Components
Detection of blank pages
Classifies a document page as blank if the page has no content, or having content if the page is not blank. Content reflected through the back of the page or content elements such as page numbers and pencil markings may lead to incorrect classification.
Detailed description –> Description of the blank image detection component
Identification of post-it notes
Classifies the document page into two classes based on whether or not the page contains one or more post-it notes. Content elements that resemble post-it notes, such as coloured rectangular text fields, may result in incorrect classification.

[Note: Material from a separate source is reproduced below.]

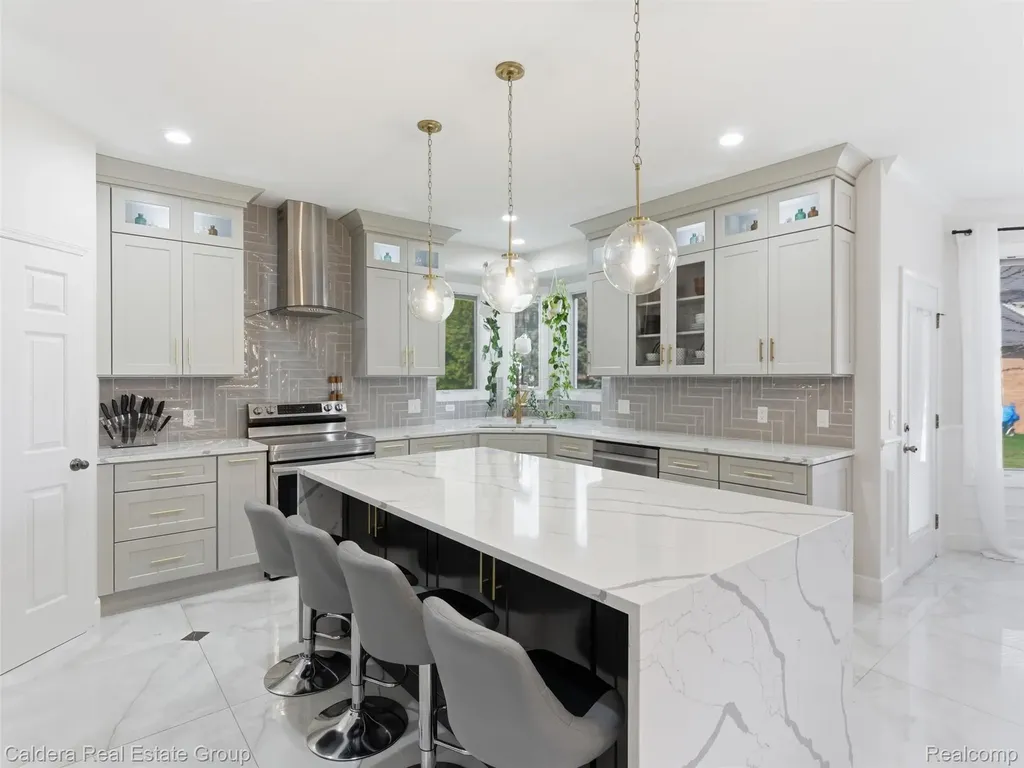 7219 Vista Drive Shelby Charter Township MI 48316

Detailed description –> Description of the post-it note identification component
Folded Corner Detection
Classifies the document page into two categories based on whether or not the page contains folded or torn sections. If a document corner resembles a fold or tear due to its colour or shape, this may lead to an incorrect classification.
Detailed description –> Description of the Folded Corner Detection component
Metadata identification
Identifies name identities from the result of the optical character recognition performed on the document page, produces descriptive keywords for the text and determines the language used in the text content. Based on the identified language, either Finnish or English models are used in identifying and keywording metadata. The Annif software developed at the National Library of Finland (www.annif.org) is used in automated keywording. Identification results depend on the quality of OCR, so image file inaccuracy, text layout, and table-like content elements, for example, may affect the quality of metadata identification.
Detailed description –> Metadata component description
Typeface recognition
Classifies the document page into one of the following three classes on the basis its typefaces: 1) “typed” if the page only contains typed text, 2) “handwritten” if the page only contains handwritten text, and 3) “combined” if the page contains both typefaces. Combination class identification is the most difficult of these for artificial intelligence, especially if there is little handwritten text.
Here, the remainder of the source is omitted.